POST /connectors – 新建一个connector; 请求体必须是json格式并且需要包含name字段和config字段,name是connector的名字,config是json格式,必须包含你的connector的配置信息。
GET /connectors/{name} – 获取指定connetor的信息。
GET /connectors/{name}/config – 获取指定connector的配置信息。
PUT /connectors/{name}/config – 更新指定connector的配置信息。
GET /connectors/{name}/status – 获取指定connector的状态,包括它是否在运行、停止、或者失败,如果发生错误,还会列出错误的具体信息。

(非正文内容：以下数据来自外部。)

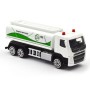 Масштабна модель автомобіля TechnoDrive Volvo Volvo Газовоз UPG (250301)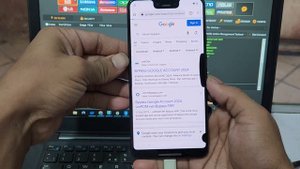 Google Pixel 3 XL Google account frp bypass android 12 without pc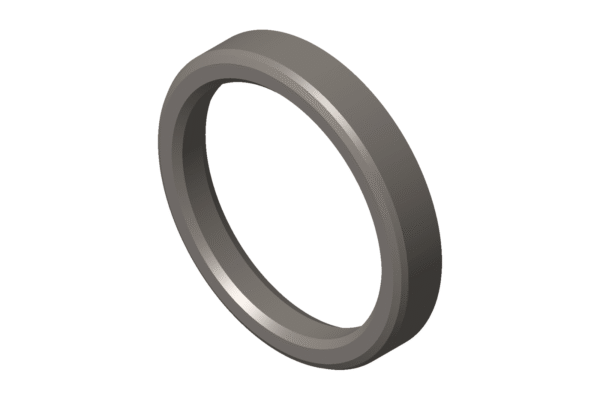 394344900 INSERT,VALVE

GET /connectors/{name}/tasks – 获取指定connector正在运行的task。
GET /connectors/{name}/tasks/{taskid}/status – 获取指定connector的task的状态信息。
PUT /connectors/{name}/pause – 暂停connector和它的task,停止数据处理知道它被恢复。
PUT /connectors/{name}/resume – 恢复一个被暂停的connector。
POST /connectors/{name}/restart – 重启一个connector,尤其是在一个connector运行失败的情况下比较常用
POST /connectors/{name}/tasks/{taskId}/restart – 重启一个task,一般是因为它运行失败才这样做。
DELETE /connectors/{name} – 删除一个connector,停止它的所有task并删除配置。